START DATA TO EXAMINE

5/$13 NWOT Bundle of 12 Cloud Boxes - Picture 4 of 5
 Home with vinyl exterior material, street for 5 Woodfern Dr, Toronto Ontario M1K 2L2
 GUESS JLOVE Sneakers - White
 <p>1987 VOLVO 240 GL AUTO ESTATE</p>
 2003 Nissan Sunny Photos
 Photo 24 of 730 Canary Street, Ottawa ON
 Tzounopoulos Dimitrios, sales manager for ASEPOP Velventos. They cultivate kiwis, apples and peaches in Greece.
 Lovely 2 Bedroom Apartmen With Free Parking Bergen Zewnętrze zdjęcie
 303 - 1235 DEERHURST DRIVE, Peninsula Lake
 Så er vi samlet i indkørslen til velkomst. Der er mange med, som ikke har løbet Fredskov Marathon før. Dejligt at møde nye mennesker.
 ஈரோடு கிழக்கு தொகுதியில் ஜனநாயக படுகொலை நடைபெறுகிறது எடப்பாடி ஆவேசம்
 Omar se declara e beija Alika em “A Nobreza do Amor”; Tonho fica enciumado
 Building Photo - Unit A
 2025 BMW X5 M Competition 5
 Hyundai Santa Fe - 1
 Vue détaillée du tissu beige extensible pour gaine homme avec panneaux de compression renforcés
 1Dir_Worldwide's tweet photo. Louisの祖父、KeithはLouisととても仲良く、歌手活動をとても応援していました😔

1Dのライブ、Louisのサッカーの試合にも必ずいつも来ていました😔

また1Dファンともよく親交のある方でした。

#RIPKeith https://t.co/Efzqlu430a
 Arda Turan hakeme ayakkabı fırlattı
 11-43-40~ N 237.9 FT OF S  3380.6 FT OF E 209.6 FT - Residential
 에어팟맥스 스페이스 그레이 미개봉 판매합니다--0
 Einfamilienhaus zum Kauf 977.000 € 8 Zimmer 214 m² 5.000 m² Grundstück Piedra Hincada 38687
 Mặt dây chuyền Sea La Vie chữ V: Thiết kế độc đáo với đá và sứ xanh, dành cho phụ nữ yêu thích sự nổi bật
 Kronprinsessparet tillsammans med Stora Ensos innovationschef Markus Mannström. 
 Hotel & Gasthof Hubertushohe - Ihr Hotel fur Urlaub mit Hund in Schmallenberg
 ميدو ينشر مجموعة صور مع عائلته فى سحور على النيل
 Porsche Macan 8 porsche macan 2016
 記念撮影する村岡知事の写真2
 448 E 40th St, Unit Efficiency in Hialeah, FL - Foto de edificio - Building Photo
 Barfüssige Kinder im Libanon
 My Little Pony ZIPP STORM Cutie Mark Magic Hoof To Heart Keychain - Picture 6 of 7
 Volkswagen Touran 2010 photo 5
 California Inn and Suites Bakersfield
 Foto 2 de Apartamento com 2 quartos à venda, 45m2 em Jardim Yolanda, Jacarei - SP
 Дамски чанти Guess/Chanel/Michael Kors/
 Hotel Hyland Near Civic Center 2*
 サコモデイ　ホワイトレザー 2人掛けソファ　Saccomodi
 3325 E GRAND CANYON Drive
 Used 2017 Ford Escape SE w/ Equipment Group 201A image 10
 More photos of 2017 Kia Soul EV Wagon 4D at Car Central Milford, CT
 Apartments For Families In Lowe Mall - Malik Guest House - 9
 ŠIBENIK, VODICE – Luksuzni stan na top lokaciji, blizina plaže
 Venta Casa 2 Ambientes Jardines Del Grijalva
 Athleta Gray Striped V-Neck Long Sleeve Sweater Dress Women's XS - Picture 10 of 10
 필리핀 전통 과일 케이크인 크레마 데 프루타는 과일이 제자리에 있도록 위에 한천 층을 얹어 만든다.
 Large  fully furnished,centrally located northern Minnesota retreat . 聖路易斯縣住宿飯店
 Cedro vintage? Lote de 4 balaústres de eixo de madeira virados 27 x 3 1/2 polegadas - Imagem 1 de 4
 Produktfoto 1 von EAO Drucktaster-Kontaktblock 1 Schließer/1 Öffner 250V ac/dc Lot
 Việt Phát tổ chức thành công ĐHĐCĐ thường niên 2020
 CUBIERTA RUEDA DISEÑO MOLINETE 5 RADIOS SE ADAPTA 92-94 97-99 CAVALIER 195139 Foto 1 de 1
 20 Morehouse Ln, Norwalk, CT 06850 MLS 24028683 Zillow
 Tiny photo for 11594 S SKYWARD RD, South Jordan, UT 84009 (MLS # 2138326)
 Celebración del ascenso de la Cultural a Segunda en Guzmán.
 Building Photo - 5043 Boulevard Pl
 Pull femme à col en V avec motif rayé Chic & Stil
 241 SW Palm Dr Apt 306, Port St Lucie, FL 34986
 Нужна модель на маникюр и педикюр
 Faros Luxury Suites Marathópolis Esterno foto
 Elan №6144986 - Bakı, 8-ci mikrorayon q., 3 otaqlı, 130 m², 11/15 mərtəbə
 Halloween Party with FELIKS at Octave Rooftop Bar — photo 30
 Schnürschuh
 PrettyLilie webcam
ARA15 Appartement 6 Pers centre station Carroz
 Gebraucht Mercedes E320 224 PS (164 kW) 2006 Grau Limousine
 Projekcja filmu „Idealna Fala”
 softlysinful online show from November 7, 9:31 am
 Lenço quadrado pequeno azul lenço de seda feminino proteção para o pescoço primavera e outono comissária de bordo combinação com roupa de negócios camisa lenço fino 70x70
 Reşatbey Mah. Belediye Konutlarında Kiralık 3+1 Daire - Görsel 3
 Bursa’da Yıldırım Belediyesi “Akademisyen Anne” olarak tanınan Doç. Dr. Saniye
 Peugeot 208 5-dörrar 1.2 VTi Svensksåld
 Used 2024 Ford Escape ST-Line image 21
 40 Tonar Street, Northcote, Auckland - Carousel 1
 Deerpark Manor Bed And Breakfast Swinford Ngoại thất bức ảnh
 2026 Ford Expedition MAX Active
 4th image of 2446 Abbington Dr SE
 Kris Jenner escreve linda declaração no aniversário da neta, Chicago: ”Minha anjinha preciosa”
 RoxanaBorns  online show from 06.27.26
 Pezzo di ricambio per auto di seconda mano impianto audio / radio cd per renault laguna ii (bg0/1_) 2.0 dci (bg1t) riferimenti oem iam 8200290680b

END DATA TO EXAMINE

Starting with the line with "retreat . 聖路易斯縣住宿飯店" above and going on through the line with "Нужна модель на маникюр и педикюр", transcribe every line exactly, both ends included, and add nothing.

### [ANSWER TO THIS PROBLEM]
 Large  fully furnished,centrally located northern Minnesota retreat . 聖路易斯縣住宿飯店
 Cedro vintage? Lote de 4 balaústres de eixo de madeira virados 27 x 3 1/2 polegadas - Imagem 1 de 4
 Produktfoto 1 von EAO Drucktaster-Kontaktblock 1 Schließer/1 Öffner 250V ac/dc Lot
 Việt Phát tổ chức thành công ĐHĐCĐ thường niên 2020
 CUBIERTA RUEDA DISEÑO MOLINETE 5 RADIOS SE ADAPTA 92-94 97-99 CAVALIER 195139 Foto 1 de 1
 20 Morehouse Ln, Norwalk, CT 06850 MLS 24028683 Zillow
 Tiny photo for 11594 S SKYWARD RD, South Jordan, UT 84009 (MLS # 2138326)
 Celebración del ascenso de la Cultural a Segunda en Guzmán.
 Building Photo - 5043 Boulevard Pl
 Pull femme à col en V avec motif rayé Chic & Stil
 241 SW Palm Dr Apt 306, Port St Lucie, FL 34986
 Нужна модель на маникюр и педикюр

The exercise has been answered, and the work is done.